## Bar Chart: Drop in AUROC for Different Question Answering Datasets
### Overview
The image presents a series of bar charts comparing the drop in Area Under the Receiver Operating Characteristic Curve (AUROC) for different question answering datasets when using three different methods: AttnLogDet, AttnEigval, and LapEigval. The charts are grouped by dataset: SQuADv2, NQOpen, HaluevalQA, and CoQA. Each group shows the AUROC drop for various question types within that dataset.
### Components/Axes
* **Y-axis:** "Drop (% of AUROC)" with a scale from 0 to 50, incrementing by 10.
* **X-axis:** Question types within each dataset (TriviaQA, NQOpen, HaluevalQA, GSMBK, CoQA, SQuADv2, TruthfulQA, NOOper).

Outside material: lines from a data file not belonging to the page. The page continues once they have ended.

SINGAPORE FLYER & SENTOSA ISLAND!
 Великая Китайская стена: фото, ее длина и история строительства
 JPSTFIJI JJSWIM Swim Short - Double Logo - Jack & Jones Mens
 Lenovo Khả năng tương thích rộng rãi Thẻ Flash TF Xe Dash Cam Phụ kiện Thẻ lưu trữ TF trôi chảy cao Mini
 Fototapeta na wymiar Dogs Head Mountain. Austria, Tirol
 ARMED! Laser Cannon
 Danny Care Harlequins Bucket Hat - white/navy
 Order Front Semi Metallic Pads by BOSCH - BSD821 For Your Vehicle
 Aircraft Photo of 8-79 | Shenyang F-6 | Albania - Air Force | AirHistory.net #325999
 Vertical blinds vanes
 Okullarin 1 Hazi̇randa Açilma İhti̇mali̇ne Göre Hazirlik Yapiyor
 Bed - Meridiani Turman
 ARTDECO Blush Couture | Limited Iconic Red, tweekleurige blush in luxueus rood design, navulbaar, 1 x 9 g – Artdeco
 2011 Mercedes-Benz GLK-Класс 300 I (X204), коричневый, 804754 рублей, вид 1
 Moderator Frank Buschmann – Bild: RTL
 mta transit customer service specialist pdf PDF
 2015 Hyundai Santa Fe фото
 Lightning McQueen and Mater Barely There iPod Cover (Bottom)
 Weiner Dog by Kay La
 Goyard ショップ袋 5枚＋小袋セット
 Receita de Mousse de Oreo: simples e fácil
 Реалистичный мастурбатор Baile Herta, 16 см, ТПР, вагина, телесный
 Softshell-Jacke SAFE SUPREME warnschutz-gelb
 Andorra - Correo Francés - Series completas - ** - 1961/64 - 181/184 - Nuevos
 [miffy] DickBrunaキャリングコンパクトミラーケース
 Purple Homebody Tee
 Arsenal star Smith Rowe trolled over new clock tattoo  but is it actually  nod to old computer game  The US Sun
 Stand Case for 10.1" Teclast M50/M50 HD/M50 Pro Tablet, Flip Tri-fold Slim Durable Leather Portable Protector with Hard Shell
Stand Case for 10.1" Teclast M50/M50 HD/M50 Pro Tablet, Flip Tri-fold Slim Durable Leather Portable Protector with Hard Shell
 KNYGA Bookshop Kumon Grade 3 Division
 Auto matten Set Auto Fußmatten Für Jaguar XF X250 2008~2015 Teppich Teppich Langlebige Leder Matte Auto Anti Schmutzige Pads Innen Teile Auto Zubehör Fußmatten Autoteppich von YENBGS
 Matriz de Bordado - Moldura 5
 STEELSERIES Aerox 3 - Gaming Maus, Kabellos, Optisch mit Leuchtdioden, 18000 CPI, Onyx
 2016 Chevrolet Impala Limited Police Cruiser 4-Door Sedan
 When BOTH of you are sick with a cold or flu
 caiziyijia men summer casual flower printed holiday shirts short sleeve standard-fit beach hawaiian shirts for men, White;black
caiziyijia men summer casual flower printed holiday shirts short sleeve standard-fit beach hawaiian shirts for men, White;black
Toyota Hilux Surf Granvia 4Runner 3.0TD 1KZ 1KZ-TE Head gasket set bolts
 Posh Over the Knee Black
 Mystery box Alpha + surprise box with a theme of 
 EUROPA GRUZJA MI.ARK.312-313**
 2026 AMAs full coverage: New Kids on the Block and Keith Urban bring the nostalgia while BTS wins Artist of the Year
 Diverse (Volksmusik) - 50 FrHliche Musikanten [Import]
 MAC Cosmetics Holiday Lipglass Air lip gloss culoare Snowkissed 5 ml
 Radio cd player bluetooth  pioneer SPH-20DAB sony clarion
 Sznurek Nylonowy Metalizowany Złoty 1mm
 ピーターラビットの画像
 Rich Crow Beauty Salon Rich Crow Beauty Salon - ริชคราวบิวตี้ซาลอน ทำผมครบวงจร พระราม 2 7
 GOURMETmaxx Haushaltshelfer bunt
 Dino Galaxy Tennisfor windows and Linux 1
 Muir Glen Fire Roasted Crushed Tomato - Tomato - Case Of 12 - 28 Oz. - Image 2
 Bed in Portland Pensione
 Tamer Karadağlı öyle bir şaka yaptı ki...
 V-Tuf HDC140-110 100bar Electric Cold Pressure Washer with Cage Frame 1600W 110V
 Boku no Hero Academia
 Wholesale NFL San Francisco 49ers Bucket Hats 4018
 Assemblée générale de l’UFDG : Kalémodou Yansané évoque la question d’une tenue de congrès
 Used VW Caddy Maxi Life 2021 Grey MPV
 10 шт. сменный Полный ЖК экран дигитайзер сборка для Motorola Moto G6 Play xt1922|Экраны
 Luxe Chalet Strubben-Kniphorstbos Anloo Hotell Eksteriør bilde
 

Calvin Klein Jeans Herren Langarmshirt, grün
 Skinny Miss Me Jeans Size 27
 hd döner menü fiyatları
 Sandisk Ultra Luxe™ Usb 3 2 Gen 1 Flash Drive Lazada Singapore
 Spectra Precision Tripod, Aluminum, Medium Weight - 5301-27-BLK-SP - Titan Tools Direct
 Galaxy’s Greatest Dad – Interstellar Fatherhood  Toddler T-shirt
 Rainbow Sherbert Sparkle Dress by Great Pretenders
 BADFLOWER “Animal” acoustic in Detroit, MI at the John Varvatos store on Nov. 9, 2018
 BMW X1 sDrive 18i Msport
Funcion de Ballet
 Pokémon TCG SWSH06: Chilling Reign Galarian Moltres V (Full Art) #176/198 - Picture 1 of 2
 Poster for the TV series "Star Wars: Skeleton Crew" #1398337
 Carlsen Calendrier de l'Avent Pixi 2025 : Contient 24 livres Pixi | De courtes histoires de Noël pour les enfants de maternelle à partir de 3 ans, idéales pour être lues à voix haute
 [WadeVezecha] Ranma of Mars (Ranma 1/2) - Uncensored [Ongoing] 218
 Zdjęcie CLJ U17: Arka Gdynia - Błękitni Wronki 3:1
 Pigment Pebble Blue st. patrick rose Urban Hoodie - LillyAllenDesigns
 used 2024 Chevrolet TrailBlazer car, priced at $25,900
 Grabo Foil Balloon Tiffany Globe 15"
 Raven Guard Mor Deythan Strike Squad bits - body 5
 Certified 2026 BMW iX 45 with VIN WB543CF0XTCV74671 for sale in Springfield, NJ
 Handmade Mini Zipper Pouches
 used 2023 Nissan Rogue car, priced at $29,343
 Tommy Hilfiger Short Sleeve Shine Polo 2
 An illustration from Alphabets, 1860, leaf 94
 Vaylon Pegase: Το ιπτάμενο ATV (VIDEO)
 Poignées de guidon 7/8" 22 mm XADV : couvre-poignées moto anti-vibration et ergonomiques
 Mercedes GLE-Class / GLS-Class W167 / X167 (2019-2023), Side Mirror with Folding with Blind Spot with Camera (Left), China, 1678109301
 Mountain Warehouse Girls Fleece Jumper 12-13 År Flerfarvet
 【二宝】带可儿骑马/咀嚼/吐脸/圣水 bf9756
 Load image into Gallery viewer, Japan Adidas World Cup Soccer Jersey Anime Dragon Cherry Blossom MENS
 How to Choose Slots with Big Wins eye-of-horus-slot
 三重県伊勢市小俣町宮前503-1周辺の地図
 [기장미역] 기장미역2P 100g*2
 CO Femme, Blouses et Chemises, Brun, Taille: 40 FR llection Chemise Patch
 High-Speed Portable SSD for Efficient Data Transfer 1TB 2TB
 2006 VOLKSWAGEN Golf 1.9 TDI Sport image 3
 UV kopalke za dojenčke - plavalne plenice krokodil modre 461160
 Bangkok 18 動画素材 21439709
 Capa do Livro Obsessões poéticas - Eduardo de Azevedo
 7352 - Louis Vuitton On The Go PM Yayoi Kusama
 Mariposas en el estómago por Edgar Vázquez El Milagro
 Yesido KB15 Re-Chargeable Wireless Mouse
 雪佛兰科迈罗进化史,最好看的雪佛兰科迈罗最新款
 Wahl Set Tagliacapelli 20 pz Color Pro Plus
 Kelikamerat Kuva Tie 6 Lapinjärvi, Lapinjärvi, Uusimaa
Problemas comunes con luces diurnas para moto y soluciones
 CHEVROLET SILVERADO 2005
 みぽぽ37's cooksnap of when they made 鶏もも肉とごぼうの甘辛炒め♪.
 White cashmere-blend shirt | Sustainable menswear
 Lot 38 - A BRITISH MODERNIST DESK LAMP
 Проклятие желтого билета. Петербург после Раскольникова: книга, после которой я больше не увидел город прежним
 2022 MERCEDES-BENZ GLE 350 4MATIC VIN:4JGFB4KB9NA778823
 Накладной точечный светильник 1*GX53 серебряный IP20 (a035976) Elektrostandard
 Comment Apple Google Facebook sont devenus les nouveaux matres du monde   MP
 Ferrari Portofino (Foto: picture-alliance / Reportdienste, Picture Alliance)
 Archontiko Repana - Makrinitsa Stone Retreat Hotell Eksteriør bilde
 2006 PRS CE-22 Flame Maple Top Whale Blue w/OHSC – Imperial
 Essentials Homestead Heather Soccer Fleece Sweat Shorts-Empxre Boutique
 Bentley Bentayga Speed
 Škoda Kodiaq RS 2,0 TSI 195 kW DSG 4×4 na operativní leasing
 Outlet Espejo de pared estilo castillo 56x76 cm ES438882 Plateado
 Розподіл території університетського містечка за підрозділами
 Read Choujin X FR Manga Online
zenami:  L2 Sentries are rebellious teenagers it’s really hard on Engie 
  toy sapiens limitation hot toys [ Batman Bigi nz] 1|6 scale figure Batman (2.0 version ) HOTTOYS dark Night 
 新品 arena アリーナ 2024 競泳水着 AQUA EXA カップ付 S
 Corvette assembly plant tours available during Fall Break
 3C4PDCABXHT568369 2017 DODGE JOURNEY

Note that not all question types are present in each dataset group.
* **Legend:** Located at the top of the chart.
* Green: AttnLogDet (all layers)
* Blue: AttnEigval (all layers)
* Orange: LapEigval (all layers)
* **Chart Titles:**
* Top-left: SQuADv2
* Top-middle-left: NQOpen
* Top-middle-right: HaluevalQA
* Top-right: CoQA
### Detailed Analysis
**SQuADv2 Dataset:**
* TriviaQA: AttnLogDet ~9%, AttnEigval ~8%, LapEigval ~5%
* NQOpen: AttnLogDet ~2%, AttnEigval ~6%, LapEigval ~2%
* HaluevalQA: AttnLogDet ~12%, AttnEigval ~11%, LapEigval ~8%
* GSMBK: AttnLogDet ~15%, AttnEigval ~13%, LapEigval ~13%
* CoQA: AttnLogDet ~26%, AttnEigval ~26%, LapEigval ~18%
* TruthfulQA: AttnLogDet ~42%, AttnEigval ~30%, LapEigval ~19%
**NQOpen Dataset:**
* TriviaQA: AttnLogDet ~9%, AttnEigval ~9%, LapEigval ~4%
* HaluevalQA: AttnLogDet ~13%, AttnEigval ~12%, LapEigval ~9%
* GSMBK: AttnLogDet ~22%, AttnEigval ~21%, LapEigval ~17%
* CoQA: AttnLogDet ~38%, AttnEigval ~32%, LapEigval ~26%
* SQuADv2: AttnLogDet ~3%, AttnEigval ~7%, LapEigval ~3%
* TruthfulQA: AttnLogDet ~43%, AttnEigval ~33%, LapEigval ~29%
**HaluevalQA Dataset:**
* TriviaQA: AttnLogDet ~5%, AttnEigval ~5%, LapEigval ~5%
* NOOper: AttnLogDet ~2%, AttnEigval ~1%, LapEigval ~1%
* GSMBK: AttnLogDet ~36%, AttnEigval ~17%, LapEigval ~13%
* CoQA: AttnLogDet ~37%, AttnEigval ~22%, LapEigval ~17%
* SQuADv2: AttnLogDet ~2%, AttnEigval ~13%, LapEigval ~2%
* TruthfulQA: AttnLogDet ~37%, AttnEigval ~22%, LapEigval ~45%
**CoQA Dataset:**
* TriviaQA: AttnLogDet ~17%, AttnEigval ~12%, LapEigval ~9%
* NQOpen: AttnLogDet ~16%, AttnEigval ~10%, LapEigval ~7%
* HaluevalQA: AttnLogDet ~15%, AttnEigval ~10%, LapEigval ~7%
* GSMBK: AttnLogDet ~37%, AttnEigval ~47%, LapEigval ~32%
* SQuADv2: AttnLogDet ~15%, AttnEigval ~14%, LapEigval ~4%
* TruthfulQA: AttnLogDet ~38%, AttnEigval ~38%, LapEigval ~35%
### Key Observations
* The drop in AUROC varies significantly across different question types and datasets.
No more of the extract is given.